CAFO Emissions and U.S. Pork to Argentina

CAFO Emissions and U.S. Pork to Argentina

Bob Larson
Bob Larson
From the Ag Information Network, I'm Bob Larson with your Agribusiness Update.

**The Environmental Protection Agency has until November 14th to figure out how to enforce emissions reporting requirements for thousands of animal feeding operations.

The D.C. Circuit Court of Appeals gave EPA until then to comply with its April ruling that found the agency illegally exempted all but the largest concentrated animal feeding operations, or CAFOs, from reporting releases of hazardous substances, including ammonia and hydrogen sulfide, above certain levels.

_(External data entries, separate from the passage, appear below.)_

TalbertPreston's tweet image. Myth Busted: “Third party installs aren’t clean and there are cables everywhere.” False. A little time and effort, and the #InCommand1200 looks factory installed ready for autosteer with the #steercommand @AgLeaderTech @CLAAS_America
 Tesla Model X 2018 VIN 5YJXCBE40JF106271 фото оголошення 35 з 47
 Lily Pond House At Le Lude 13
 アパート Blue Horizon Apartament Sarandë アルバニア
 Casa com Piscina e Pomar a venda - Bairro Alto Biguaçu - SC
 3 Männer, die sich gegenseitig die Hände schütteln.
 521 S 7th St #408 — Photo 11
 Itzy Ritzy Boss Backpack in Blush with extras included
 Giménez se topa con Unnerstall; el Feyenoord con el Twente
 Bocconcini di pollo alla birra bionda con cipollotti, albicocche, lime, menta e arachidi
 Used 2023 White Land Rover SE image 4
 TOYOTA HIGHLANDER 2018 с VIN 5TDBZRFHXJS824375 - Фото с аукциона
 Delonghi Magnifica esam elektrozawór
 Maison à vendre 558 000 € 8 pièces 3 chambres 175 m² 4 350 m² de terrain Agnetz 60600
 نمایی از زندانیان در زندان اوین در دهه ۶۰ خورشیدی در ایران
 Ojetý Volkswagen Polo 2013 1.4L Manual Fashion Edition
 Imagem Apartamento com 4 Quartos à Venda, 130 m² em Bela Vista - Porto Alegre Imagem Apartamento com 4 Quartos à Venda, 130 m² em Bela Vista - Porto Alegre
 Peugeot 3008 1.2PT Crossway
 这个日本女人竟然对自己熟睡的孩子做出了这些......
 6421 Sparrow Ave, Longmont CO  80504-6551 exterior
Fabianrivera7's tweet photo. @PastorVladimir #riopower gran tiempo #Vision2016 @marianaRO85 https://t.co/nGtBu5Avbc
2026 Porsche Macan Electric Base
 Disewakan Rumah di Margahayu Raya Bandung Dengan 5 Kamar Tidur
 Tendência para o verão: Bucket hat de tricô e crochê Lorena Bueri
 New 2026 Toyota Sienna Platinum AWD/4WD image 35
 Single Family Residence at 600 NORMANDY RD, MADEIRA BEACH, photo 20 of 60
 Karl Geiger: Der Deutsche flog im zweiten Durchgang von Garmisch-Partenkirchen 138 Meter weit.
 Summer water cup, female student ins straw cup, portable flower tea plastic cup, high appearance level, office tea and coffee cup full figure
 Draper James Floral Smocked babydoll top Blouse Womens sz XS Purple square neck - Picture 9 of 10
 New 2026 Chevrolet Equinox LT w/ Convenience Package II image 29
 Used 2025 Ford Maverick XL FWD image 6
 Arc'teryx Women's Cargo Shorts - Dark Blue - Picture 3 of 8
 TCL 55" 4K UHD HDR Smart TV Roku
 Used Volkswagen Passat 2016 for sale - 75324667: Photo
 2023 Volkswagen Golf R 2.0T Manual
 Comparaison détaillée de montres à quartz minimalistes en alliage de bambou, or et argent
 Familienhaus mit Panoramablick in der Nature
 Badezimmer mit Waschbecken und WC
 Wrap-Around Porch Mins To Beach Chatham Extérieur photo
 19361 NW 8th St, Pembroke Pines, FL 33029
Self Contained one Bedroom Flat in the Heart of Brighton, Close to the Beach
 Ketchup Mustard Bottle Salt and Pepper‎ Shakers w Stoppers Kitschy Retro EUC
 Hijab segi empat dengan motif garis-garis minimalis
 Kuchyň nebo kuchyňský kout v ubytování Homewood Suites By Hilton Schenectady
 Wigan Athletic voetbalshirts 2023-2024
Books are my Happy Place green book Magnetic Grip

**U.S. pork producers have an additional export market in South America after an agreement was announced last week by the White House.

Argentina will allow U.S. fresh, chilled, and frozen pork and pork products across its borders for the first time since 1992. The White House credited a recent meeting between Vice President Mike Pence and Argentine President Mauricio Macri and an April dialogue between Macri and President Trump as key moments in developing the agreement.

Pence calls the agreement, "a big win for American pork producers" that reflects the administration's commitment "to breaking down international trade barriers."

** About 500 people gathered last week at UC Berkeley to assess the rapid adoption of gene editing techniques that appear to hold immeasurable promise for human, animal and plant health and growth.

The two-day conference, CRISPRcon, is named for new techniques – Clustered Regularly Interspaced Short Palindromic Repeats.

In agriculture, scientists are now increasingly applying genome editing to vanquish diseases and enable great leaps forward.